━━ Input

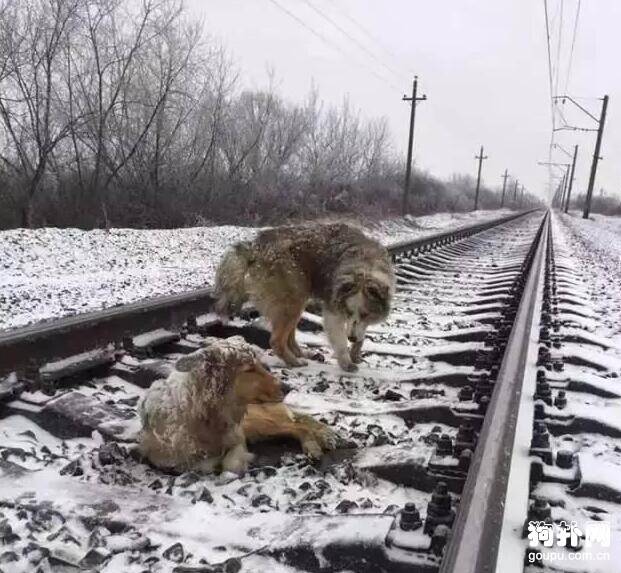 男友力max!母犬腿卡铁轨公犬任凭火车头顶飞驰不离弃!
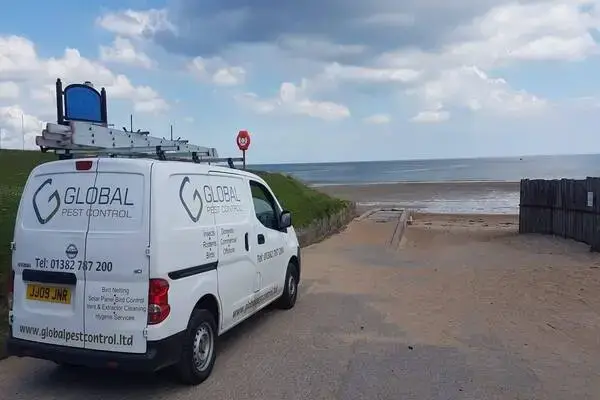 pest control near me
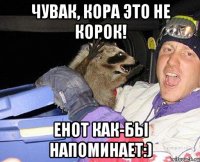 Чувак, кора это не корок! енот как-бы напоминает:)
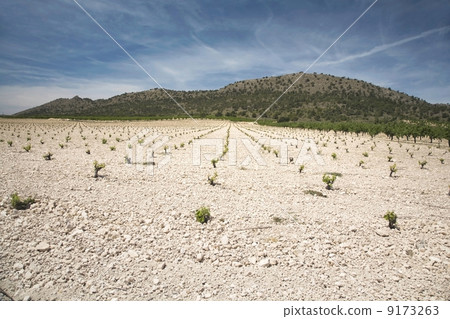 landscape with cultivation landscape with cultivation 9173263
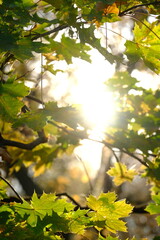 Autumn trees in sunny autumn park lit by sunshine sunny autumn landscape in bright sunlight. Autumn park sunny scene with fallen leaves on the foreground
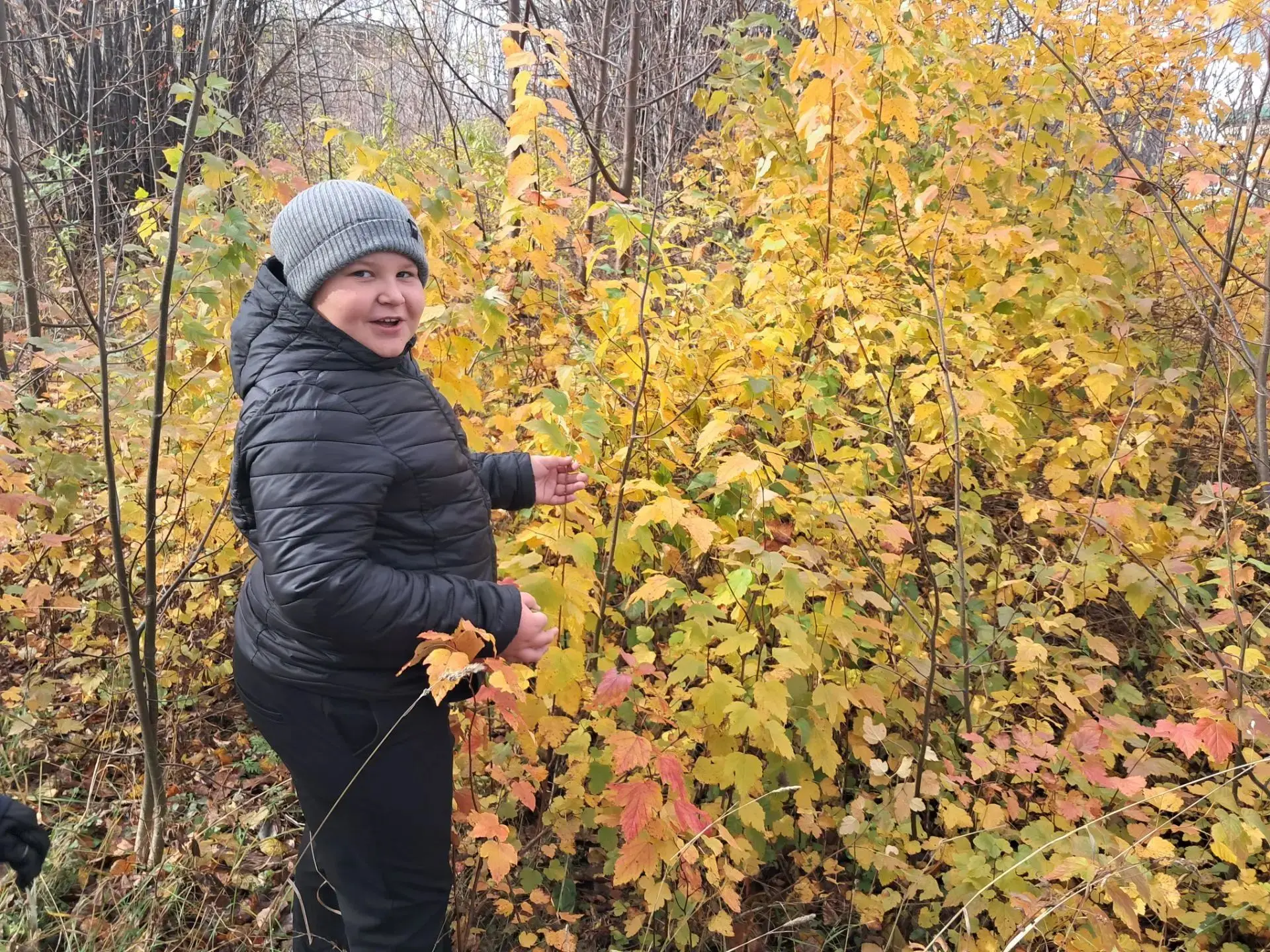 «ОРЛЁНОК — ЭКОЛОГ»: юные исследователи природы на осенней прогулке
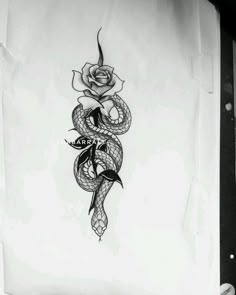 a drawing of a snake with a rose on it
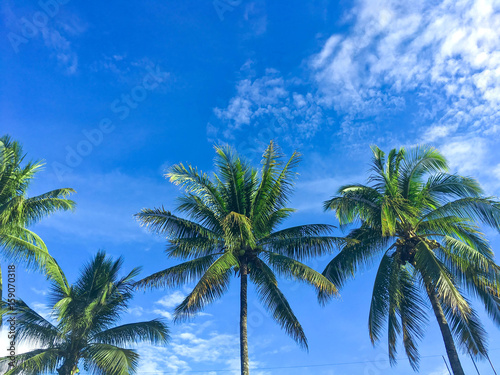Summer sky and palm tree, coconut tree, Blue sky with cloud in summer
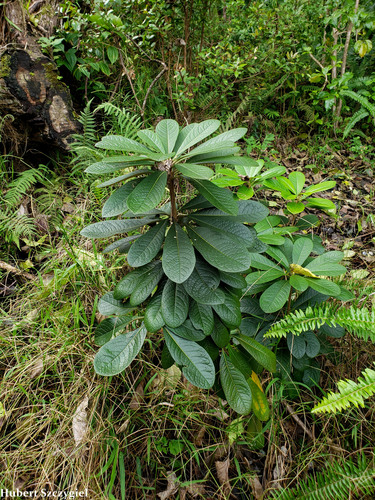 Pittosporum flocculosum observed 2021-12-28
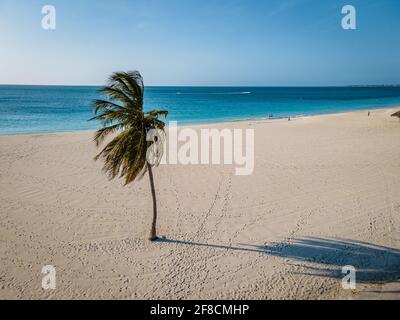 Eagle Beach Aruba, palme sulla costa di Eagle Beach ad Aruba, vista sul drone su una spiaggia con palme e ombrelloni Foto Stock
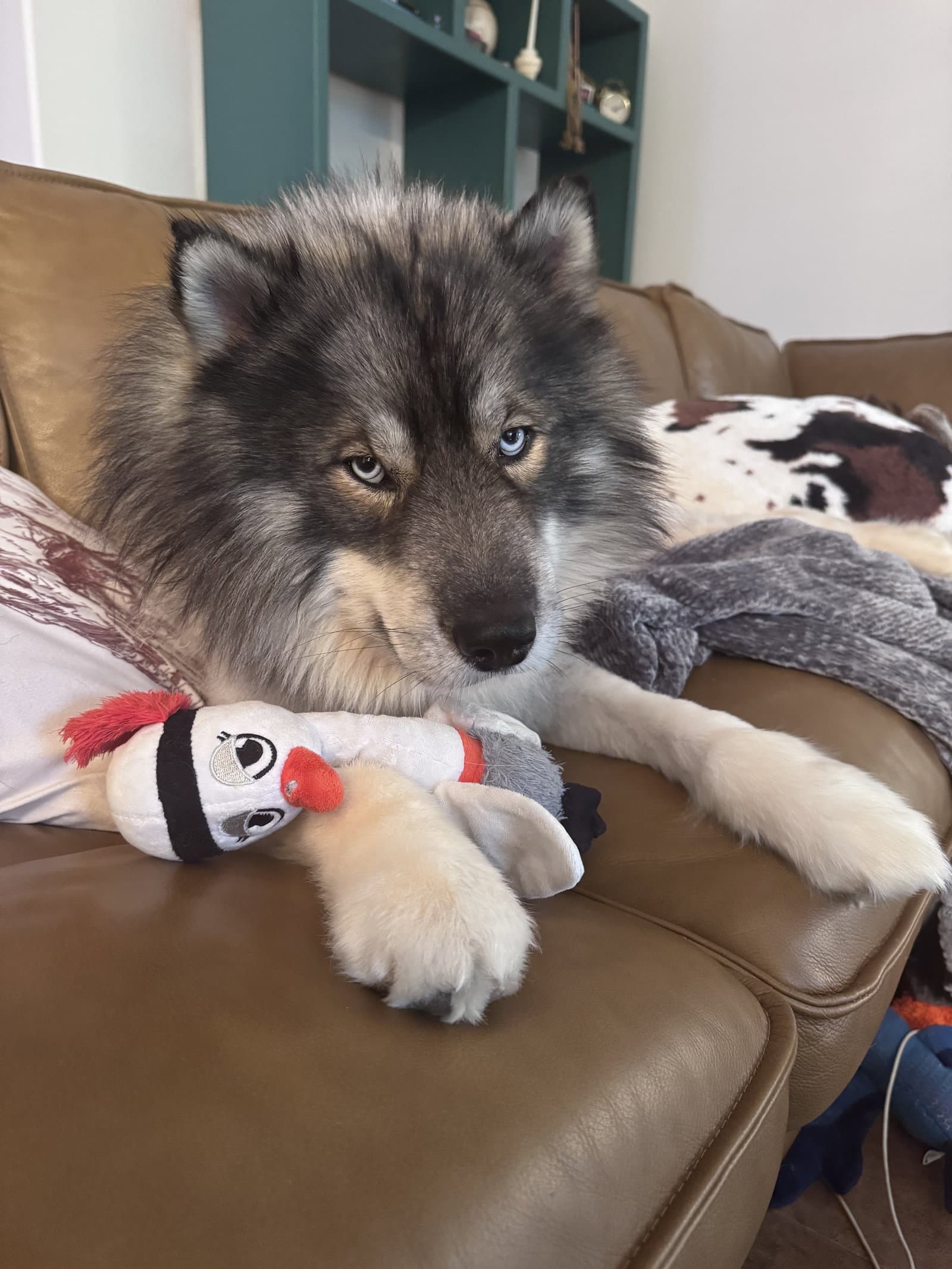 Cosmo - Siberian Husky
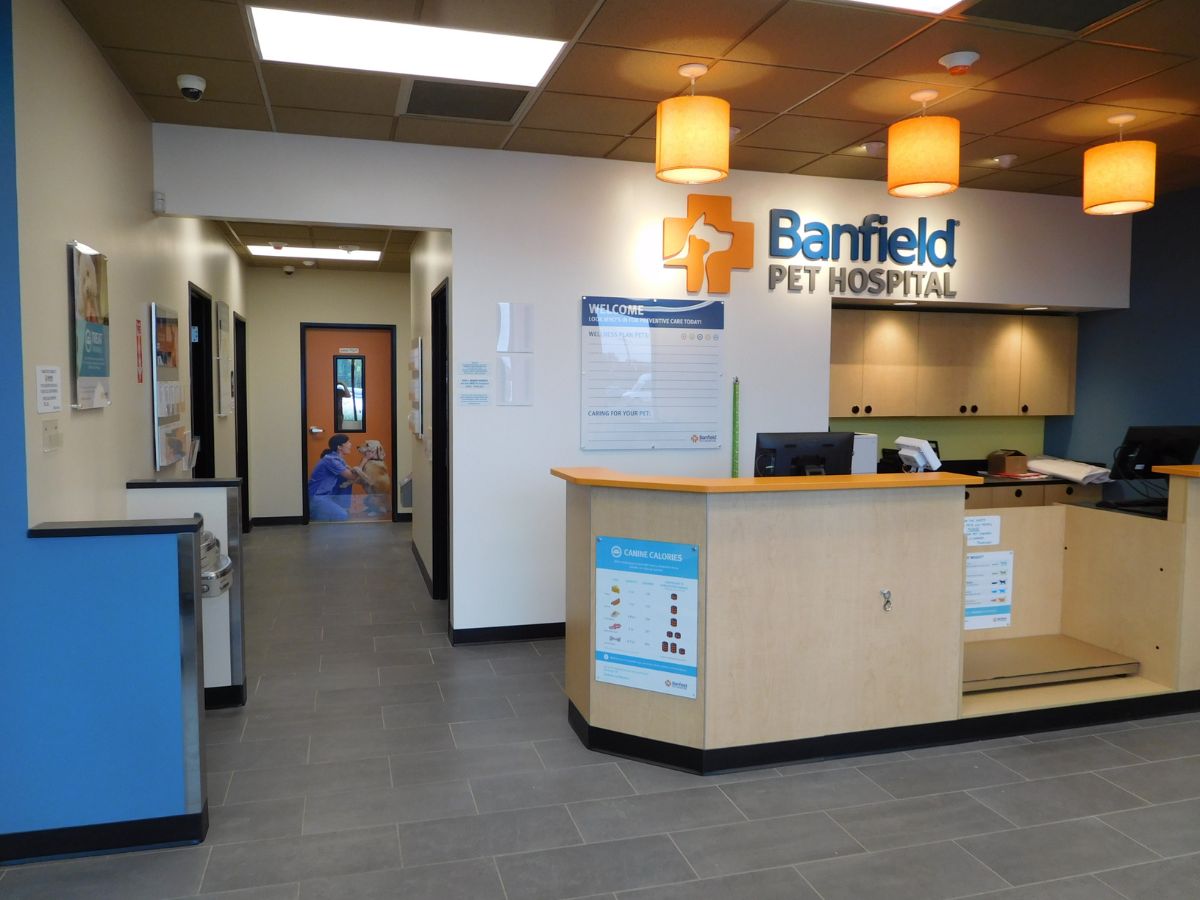 The front desk and check in at the Banfield - Rockville Travilah Square hospital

━━━━

▶ Task to complete
Could you output exactly the lines above, from the line with "Чувак, кора это" up to and including the line with "Pittosporum flocculosum observed 2021-12-28", and nothing else, skipping the pictures?

▶ Output of the task
 Чувак, кора это не корок! енот как-бы напоминает:)
 landscape with cultivation landscape with cultivation 9173263
 Autumn trees in sunny autumn park lit by sunshine sunny autumn landscape in bright sunlight. Autumn park sunny scene with fallen leaves on the foreground
 «ОРЛЁНОК — ЭКОЛОГ»: юные исследователи природы на осенней прогулке
 a drawing of a snake with a rose on it
Summer sky and palm tree, coconut tree, Blue sky with cloud in summer
 Pittosporum flocculosum observed 2021-12-28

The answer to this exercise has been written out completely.